Bila Tak Direncanakan Dengan Matang, Pemprov Sumbar Bisa Bangkrut Urus Kewenangan Pengelolaan Pendidikan SLTP dan SLTA di 2017

Bila Tak Direncanakan Dengan Matang, Pemprov Sumbar Bisa Bangkrut Urus Kewenangan Pengelolaan Pendidikan SLTP dan SLTA di 2017

Bila Tak Direncanakan Dengan Matang, Pemprov Sumbar Bisa Bangkrut Urus Kewenangan Pengelolaan Pendidikan SLTP dan SLTA di 2017

Wakil Gubernur Sumbar H. Nasrul Abit mengakui bahwa Pemprov Sumbar

akan mengalami kesulitan memberikan tunjangan daerah kepada para guru dan pegawai dilingkungan Dinas Pendidikan Sumatera Barat, ketika pemerintah provinsi kembali diberikan kewenangan mengurus pendidikan di tingkat SLTP dan SLTA.
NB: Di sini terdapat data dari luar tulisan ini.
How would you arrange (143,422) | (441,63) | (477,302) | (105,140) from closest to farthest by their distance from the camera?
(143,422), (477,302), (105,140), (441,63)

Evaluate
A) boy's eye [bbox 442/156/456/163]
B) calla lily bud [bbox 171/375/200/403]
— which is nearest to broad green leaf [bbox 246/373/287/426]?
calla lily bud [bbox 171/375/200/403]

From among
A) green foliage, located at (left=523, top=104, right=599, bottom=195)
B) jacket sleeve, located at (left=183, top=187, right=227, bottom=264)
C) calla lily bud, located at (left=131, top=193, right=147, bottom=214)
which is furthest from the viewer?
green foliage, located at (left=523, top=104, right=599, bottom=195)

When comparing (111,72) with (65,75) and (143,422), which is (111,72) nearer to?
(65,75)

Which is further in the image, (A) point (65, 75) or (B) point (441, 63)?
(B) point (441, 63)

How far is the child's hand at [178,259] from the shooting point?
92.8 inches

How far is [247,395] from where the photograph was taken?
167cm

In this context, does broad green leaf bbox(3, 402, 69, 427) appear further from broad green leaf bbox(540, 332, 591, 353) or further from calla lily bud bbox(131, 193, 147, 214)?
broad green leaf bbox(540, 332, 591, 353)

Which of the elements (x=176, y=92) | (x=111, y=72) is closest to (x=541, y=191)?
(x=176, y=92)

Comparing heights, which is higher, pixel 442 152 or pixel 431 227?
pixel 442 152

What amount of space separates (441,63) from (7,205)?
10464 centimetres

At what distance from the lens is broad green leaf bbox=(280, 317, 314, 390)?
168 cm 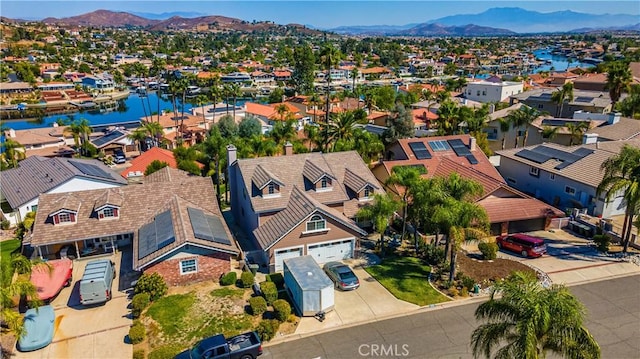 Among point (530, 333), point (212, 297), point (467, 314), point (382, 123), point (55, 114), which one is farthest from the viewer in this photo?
point (55, 114)

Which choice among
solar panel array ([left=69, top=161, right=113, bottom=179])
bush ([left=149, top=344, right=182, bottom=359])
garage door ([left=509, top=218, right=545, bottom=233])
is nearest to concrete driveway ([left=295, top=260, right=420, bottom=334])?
bush ([left=149, top=344, right=182, bottom=359])

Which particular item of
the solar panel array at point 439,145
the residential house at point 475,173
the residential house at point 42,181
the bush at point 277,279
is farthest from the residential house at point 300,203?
the residential house at point 42,181

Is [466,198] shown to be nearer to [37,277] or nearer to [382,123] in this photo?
[37,277]

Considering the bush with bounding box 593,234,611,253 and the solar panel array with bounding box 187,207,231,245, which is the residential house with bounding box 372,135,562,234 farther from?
the solar panel array with bounding box 187,207,231,245

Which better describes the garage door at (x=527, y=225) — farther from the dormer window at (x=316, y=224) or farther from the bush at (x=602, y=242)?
the dormer window at (x=316, y=224)

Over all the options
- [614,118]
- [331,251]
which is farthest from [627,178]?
[614,118]

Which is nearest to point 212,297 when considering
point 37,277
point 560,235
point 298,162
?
point 37,277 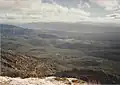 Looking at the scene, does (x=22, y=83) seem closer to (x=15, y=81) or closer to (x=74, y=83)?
(x=15, y=81)

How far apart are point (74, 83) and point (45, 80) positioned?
14.3ft

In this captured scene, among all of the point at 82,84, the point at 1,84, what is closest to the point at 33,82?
the point at 1,84

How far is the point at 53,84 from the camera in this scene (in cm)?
4056

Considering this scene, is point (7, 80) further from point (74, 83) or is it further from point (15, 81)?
point (74, 83)

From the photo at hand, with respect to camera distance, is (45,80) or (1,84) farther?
(45,80)

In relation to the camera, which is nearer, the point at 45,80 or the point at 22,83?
the point at 22,83

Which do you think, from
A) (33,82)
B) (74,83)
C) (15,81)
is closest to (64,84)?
(74,83)

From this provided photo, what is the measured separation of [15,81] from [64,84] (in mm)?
7141

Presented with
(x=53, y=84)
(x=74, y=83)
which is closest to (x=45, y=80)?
(x=53, y=84)

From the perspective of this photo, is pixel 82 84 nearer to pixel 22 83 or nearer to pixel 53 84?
pixel 53 84

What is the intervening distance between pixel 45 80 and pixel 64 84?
2984 mm

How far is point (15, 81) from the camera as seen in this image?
39.3 metres

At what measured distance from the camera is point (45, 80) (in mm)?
41594

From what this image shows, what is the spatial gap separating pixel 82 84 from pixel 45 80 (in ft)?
18.2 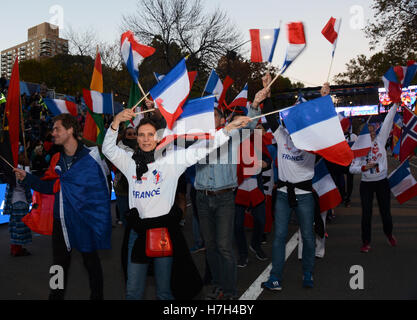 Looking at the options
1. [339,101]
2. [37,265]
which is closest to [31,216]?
[37,265]

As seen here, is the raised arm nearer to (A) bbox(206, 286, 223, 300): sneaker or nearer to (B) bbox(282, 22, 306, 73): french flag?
(A) bbox(206, 286, 223, 300): sneaker

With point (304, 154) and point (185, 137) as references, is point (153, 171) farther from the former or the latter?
point (304, 154)

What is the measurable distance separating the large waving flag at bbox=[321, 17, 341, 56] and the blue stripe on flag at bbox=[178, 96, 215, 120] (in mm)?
1799

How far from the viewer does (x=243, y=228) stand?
5730mm

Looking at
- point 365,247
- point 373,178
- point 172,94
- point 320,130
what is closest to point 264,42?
point 320,130

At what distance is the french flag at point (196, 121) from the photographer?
393 centimetres

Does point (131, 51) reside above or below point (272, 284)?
above

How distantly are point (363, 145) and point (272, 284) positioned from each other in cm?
303

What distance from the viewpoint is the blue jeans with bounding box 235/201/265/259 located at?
5723 millimetres

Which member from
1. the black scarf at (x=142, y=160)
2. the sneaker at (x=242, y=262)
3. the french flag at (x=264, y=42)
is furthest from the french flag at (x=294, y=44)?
the sneaker at (x=242, y=262)

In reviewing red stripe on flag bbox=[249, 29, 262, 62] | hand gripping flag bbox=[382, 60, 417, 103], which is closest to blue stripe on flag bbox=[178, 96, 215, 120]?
red stripe on flag bbox=[249, 29, 262, 62]

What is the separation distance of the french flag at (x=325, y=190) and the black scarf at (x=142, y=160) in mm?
3201

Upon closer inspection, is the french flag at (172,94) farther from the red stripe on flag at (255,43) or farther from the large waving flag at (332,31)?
the large waving flag at (332,31)

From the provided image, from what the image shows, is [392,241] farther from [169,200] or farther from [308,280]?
[169,200] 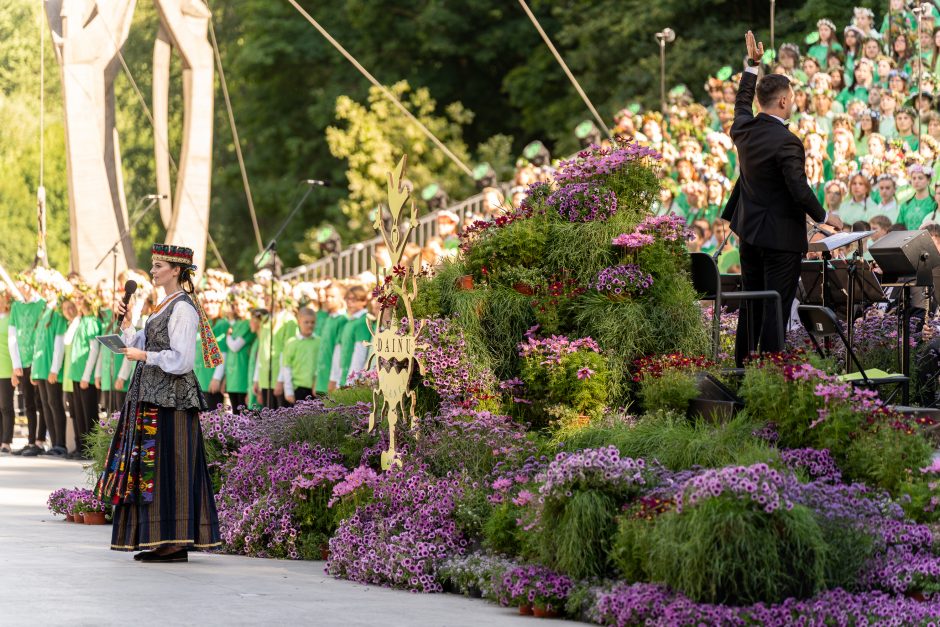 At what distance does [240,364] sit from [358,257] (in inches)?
351

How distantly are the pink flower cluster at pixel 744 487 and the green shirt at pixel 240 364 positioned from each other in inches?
493

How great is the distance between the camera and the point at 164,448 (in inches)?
401

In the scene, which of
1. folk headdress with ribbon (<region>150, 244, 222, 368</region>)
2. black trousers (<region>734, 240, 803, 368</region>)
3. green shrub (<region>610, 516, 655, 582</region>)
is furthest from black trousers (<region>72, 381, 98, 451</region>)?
green shrub (<region>610, 516, 655, 582</region>)

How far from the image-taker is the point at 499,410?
34.5 feet

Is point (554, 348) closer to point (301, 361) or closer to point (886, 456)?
point (886, 456)

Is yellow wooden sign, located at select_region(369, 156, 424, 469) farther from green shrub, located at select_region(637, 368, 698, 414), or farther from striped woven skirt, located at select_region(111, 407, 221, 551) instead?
green shrub, located at select_region(637, 368, 698, 414)

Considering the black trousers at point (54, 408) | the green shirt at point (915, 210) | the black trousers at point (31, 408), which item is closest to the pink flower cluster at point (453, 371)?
the green shirt at point (915, 210)

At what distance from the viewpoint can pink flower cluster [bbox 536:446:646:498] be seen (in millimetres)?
8312

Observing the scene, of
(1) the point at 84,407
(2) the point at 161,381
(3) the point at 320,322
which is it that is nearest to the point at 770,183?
(2) the point at 161,381

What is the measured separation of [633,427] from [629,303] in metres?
1.41

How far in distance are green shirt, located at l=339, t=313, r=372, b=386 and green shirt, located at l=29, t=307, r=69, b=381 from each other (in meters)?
5.59

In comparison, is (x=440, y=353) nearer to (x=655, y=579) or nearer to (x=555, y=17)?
(x=655, y=579)

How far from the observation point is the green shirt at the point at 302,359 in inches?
708

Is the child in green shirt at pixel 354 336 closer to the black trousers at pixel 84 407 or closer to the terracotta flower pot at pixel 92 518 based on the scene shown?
the terracotta flower pot at pixel 92 518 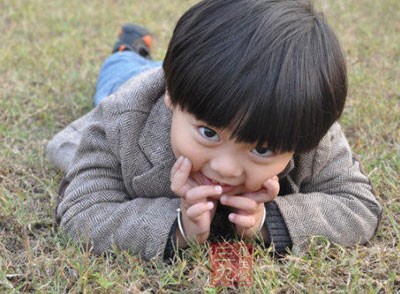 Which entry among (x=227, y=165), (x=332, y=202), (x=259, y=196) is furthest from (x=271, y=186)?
(x=332, y=202)

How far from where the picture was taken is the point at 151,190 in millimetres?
1911

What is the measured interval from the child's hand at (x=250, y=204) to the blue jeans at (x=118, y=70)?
119 cm

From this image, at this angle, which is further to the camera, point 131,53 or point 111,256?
point 131,53

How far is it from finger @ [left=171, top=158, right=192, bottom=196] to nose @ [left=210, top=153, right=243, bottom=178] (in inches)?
3.1

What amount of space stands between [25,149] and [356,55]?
184cm

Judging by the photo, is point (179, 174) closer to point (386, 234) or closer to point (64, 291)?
point (64, 291)

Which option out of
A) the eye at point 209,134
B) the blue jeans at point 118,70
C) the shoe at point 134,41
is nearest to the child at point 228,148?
the eye at point 209,134

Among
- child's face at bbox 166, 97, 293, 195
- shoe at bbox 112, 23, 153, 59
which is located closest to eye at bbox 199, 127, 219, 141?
child's face at bbox 166, 97, 293, 195

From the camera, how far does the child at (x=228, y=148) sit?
4.88ft

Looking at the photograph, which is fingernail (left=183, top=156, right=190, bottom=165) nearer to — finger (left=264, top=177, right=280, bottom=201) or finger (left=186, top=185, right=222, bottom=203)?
finger (left=186, top=185, right=222, bottom=203)

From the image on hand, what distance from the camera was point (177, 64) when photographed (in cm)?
158

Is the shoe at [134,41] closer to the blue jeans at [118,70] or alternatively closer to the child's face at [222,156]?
the blue jeans at [118,70]

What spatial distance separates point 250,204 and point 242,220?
5 cm

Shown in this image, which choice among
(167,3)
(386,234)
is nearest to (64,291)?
(386,234)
Sebagaimana diketahui, kata Wagub di Padang, Kamis (17/3/2016) usai membuka seminar kebijakan fiskal di sebuah hotel, Januari 2017, pemerintah pusat kembali mengeluarkan kebijaksanaan bahwa yang mengurus pendidikan tingkat SLTP dan SLTA kembali ke provinsi dari kabupaten dan kota. Dan kabupaten/kota kembali hanya mengurus pendidikan dasar (SD) dan TK.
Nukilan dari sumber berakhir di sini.